Another important reason behind this is burnout at work. Many people became more aware and trace their mental health to notice if their work is causing them stress, which is a good thing. Since employees are super aware of the stress at work, they usually tolerate a lower amount of it.
Lastly, the lack of communication between the employee and his or her manager could be the reason behind quiet quitting. In this case, the employee has no chance to express the concerns or stress that is related to work to the most important person on his or her team.”
Do you have any advice for employers struggling with quiet quitting?
“We all differ from each other, so it means that we all have specific needs that would satisfy us at work. So, make sure to evaluate your employees individually. However, it is important to note three main aspects.
First and foremost, learn how to collaborate in changes. If certain processes in the company require improvement, try to create ways for your employees to contribute. Listen carefully to what they have to say and demonstrate that you have learned from their contributions by taking the suggested actions. Alternatively, explain why certain proposals cannot be implemented. This will make the employees feel heard and create a trustworthy relationship.
It is also important to allow your employees to make decisions without micromanaging them – they want to know that they can be trusted and that their opinions are valued. They want to be able to achieve goals based on their desires, values, and abilities. Do not push them to achieve a result according to your techniques – allow them to demonstrate their abilities and provide ongoing feedback.
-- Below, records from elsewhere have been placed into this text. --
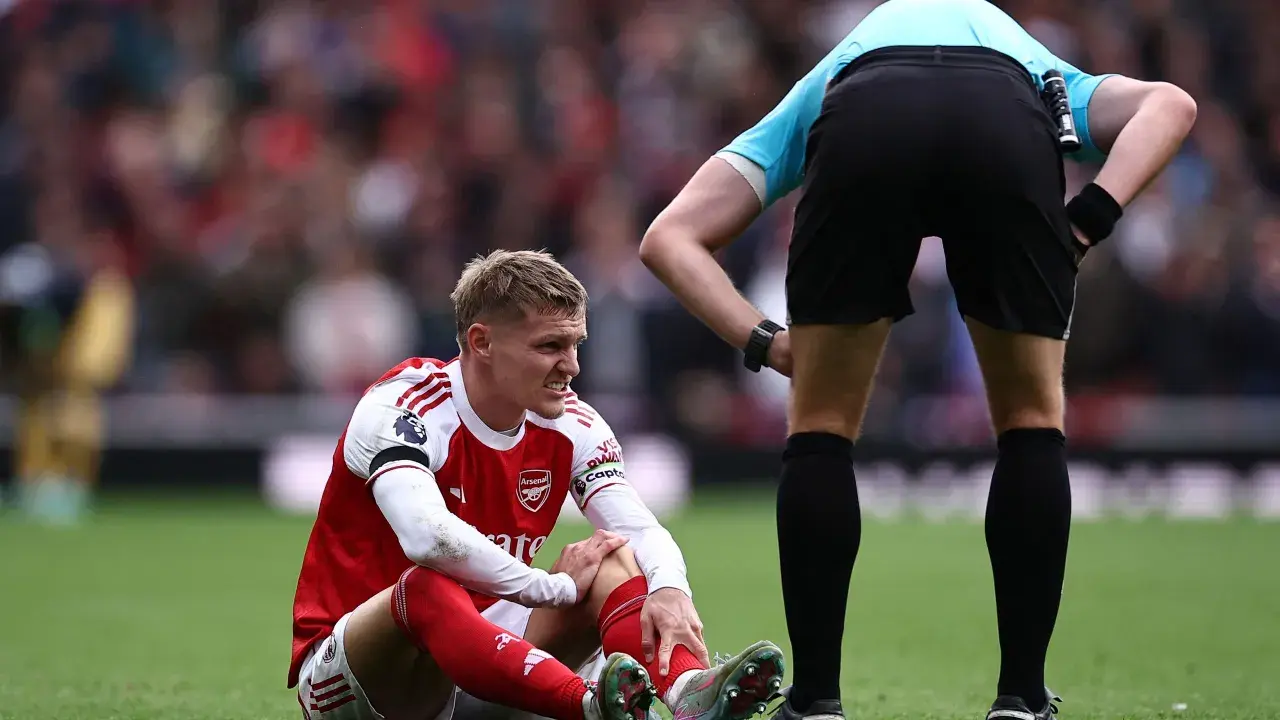 Martin Ødegaard sitzt verletzt auf dem Rasen, während ein Schiedsrichter ihn beobachtet.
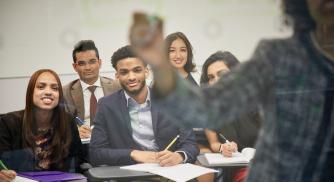 A class of students paying attention to the teacher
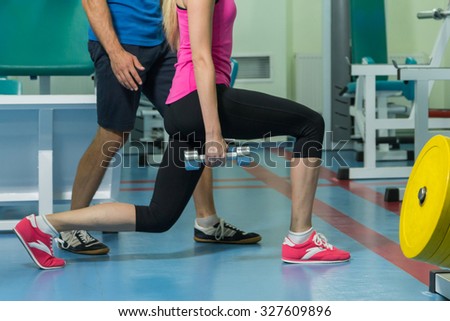 Beautiful girl practicing with a trainer at the gym. Proper physical exercises under the supervision of a trainer. Photos for sporting magazines and websites.
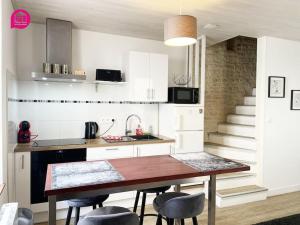 eine Küche mit einem Tisch und Stühlen sowie eine Treppe in der Unterkunft Le Paul by iZiLi - Centre Ville - Gare in Niort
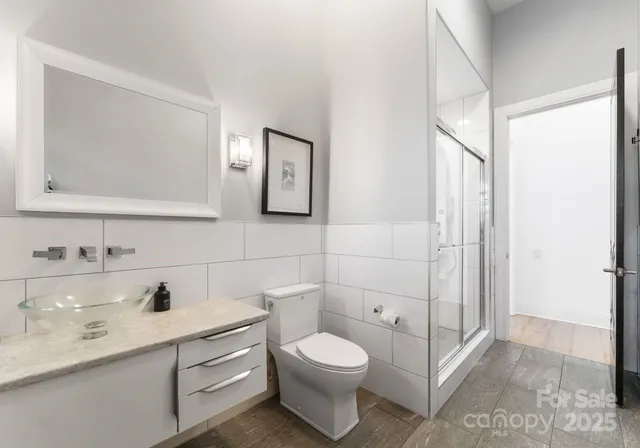 a bathroom with a toilet a sink and mirror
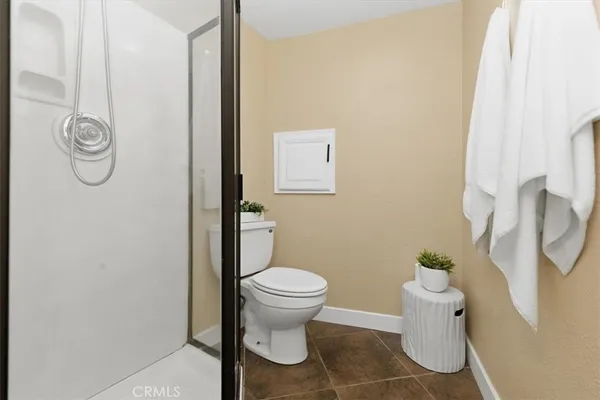 a white toilet sitting next to a bath tub
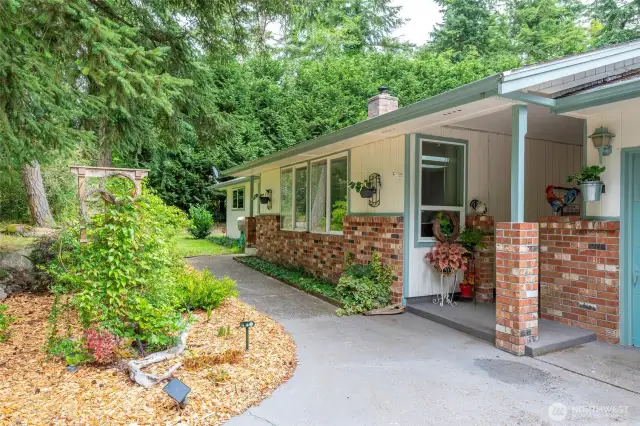 Front entryway sidewalk. There is a front entrance as well as a covered breezeway entrance.  The red brick accents are beautiful!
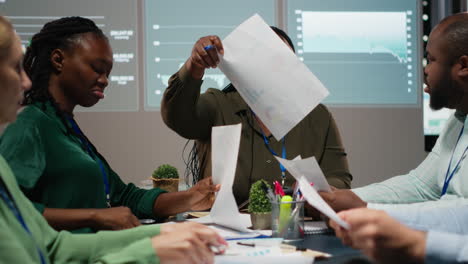 business partners examining annual sales reports in corporate meeting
Do not forget to make a sense of purpose. Employees in most companies believe that they put in their time and do nothing more because they do not feel a part of something special. They must believe that what they do is meaningful beyond simply collecting a paycheck. Through one-on-one or team meetings, leadership must establish the company mission and instill that sense of purpose throughout the organization. Try to have at least one meaningful conversation with each of your employees each week and explain how their work contributes to the larger purpose of the company.For people to quit their jobs, it’s a normal process that happens even in top companies. However, it is the employer’s job to maintain the motivation of the employees, create a positive work environment, and try to satisfy their needs to keep their best specialists for as long as possible.”